CLX cyBERT

Introduction

One of the most arduous tasks of any security operation (and equally as time consuming for a data scientist) is ETL and parsing. This notebook illustrates how to train a BERT language model using a toy dataset of just 1000 previously parsed apache server logs as a labeled data.

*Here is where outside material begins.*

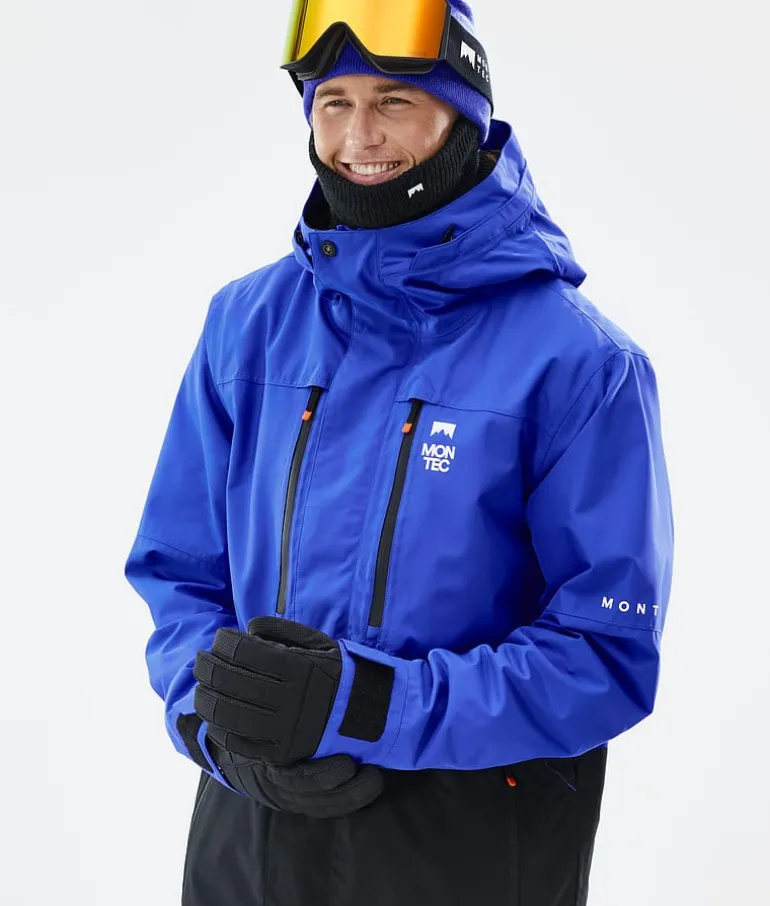 Sale MONTEC Fawk CobaltBlue/Black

We will fine-tune a pretrained BERT model from HuggingFace with a classification layer for Named Entity Recognition.

How to train a cyBERT model

For in-depth example of cyBERT model training view this Jupyter Notebook.

Download pre-trained model

Let’s download a pre-trained model from s3.

[1]:
import s3fs

S3_BASE_PATH = "models.huggingface.co/bert/raykallen/cybert_apache_parser"
CONFIG_FILENAME = "config.json"
MODEL_FILENAME = "pytorch_model.bin"

fs = s3fs.S3FileSystem(anon=True)
fs.get(S3_BASE_PATH + "/" + MODEL_FILENAME, MODEL_FILENAME)
fs.get(S3_BASE_PATH + "/" + CONFIG_FILENAME, CONFIG_FILENAME)
[1]:
[None]

Let’s create a cybert instance and load the pre-trained model.

[2]:
from clx.analytics.cybert import Cybert

cyparse = Cybert()
cyparse.load_model(MODEL_FILENAME, CONFIG_FILENAME)

Sample Apache logs as input

[3]:
import cudf
input_logs = cudf.Series(['109.169.248.247 - -',
                          'POST /administrator/index.php HTTP/1.1 200 4494'])

cyBERT Inferencing

Use your model to parse apache logs

[4]:
parsed_df, confidence_df = cyparse.inference(input_logs)
[5]:
parsed_df
[5]:
remote_host other request_method request_url request_http_ver status response_bytes_clf
0 109.169.248.247 - NaN NaN NaN NaN NaN
1 NaN NaN POST /administrator/index.php HTTP/1.1 200 449
[6]:
confidence_df
[6]:
remote_host other request_method request_url request_http_ver status response_bytes_clf
0 0.999628 0.999579 NaN NaN NaN NaN NaN
1 NaN NaN 0.99822 0.999629 0.999936 0.999866 0.999751

Conclusion

This example shows that using a cyBERT-based parser for extracting apache logs. Users can experiment with other datasets by training model as per the requirements.